Present Subjunctive differences

Solution 1:

Sentence (2) may or may not be ungrammatical, depending on whether recommends is allowed to take an infinitive complement, which not everyone finds allowable. I find (2) odd, but adding for to mark the complement subject makes it better:

  (2′) The chairman recommends for her to be here on time.

However, whether recommend works this way or not, desire definitely swings both ways,
with no grammaticality problems:

  (3) The chairman desires that they be here on time.
  (4) The chairman desires them to be here on time.

These mean the same thing, but only (3) is officially "subjunctive", because it's a that complement clause with an untensed verb (be in this case, which is always untensed and therefore easy to spot), and that's what Huddleston and Pullum call "subjunctive".

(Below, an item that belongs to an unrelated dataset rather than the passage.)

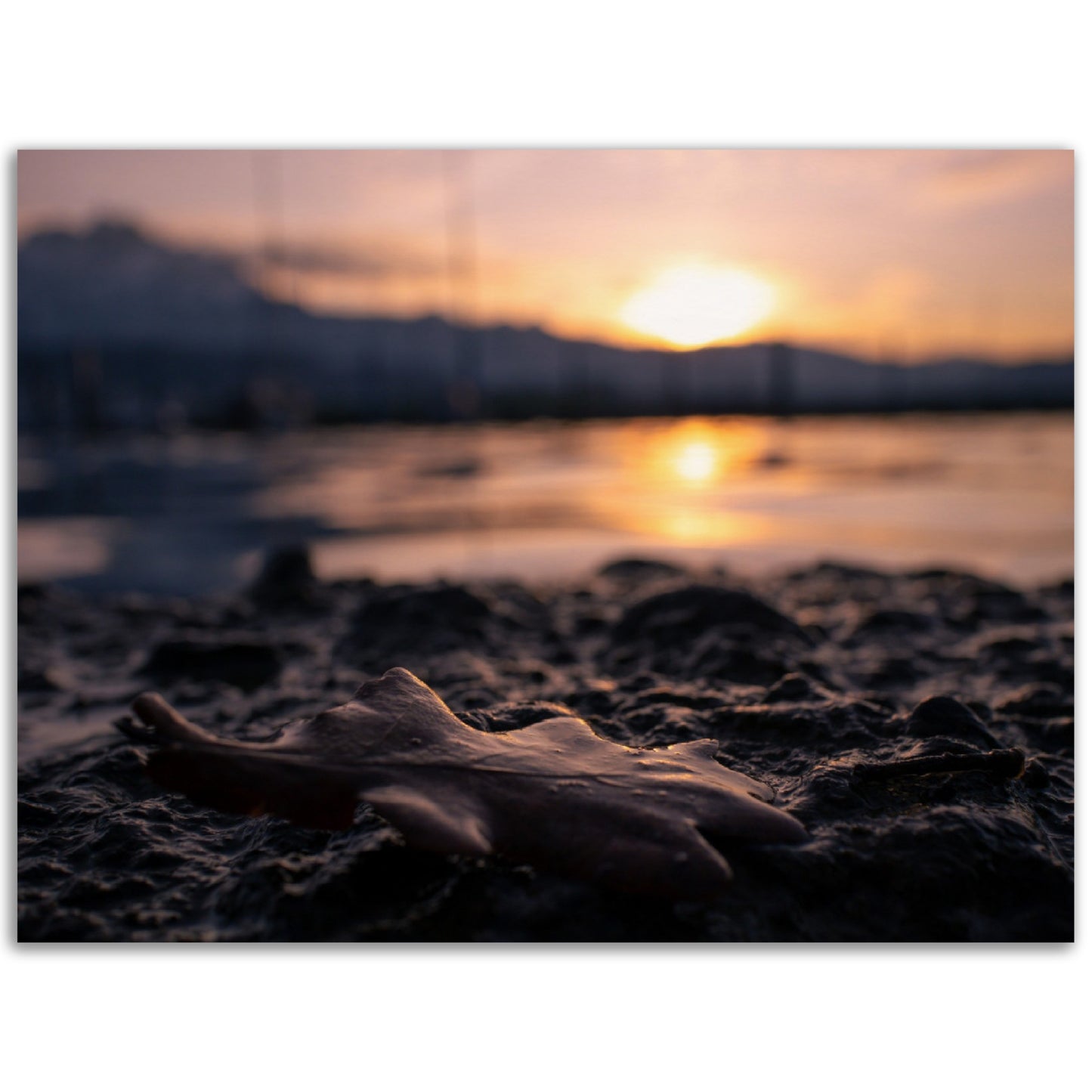 Brown Leaf in Sunset Premium Poster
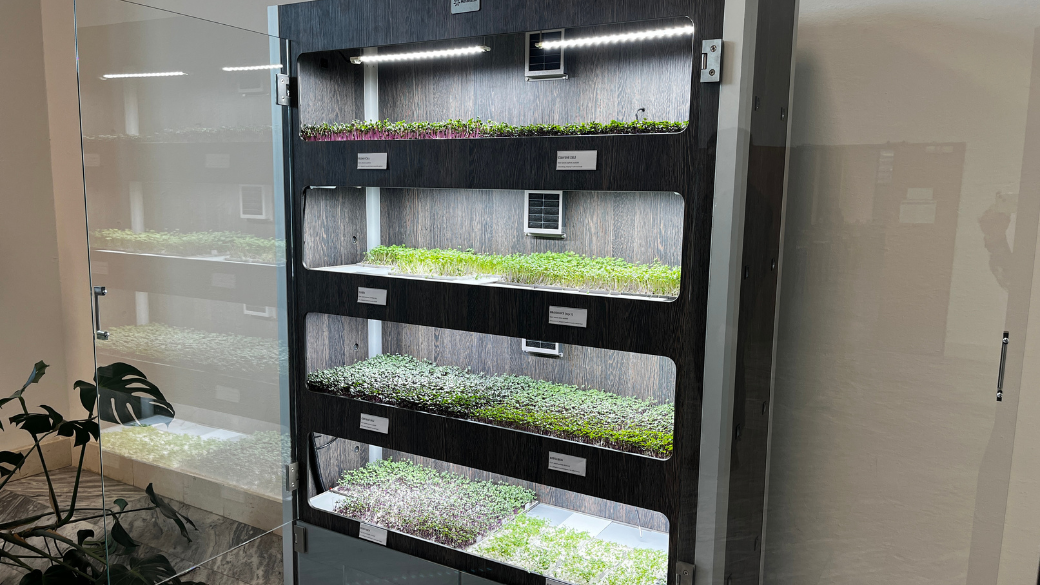 Moderní technologie mění způsob pěstování potravin: VŠB-TUO a MoraviaLab společně rozjely inovativní systém pro pěstování microgreens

(4), on the other hand, like (2) or (2′), doesn't have a that complement clause, but rather a to-infinitive complement clause. This construction is very, very common, and it is not subjunctive.

You may have been confused because a great deal of what is written about the English "subjunctive" discusses what the construction means, rather than how to form or identify it.

That complements with untensed verbs are, in fact, usually used for "suggestion, recommendation, and obligation", of one sort or another. However, this does not mean that everything referring to suggestion, recommendation, or obligation uses this construction, nor that this makes things "subjunctive".

Such constructions depend entirely on which verbs one uses (desire works, but tell doesn't, for instance), and the verbs that govern this kind of complement are not that common; mostly we use other strategies. Meaning does not define the "subjunctive"; structure does.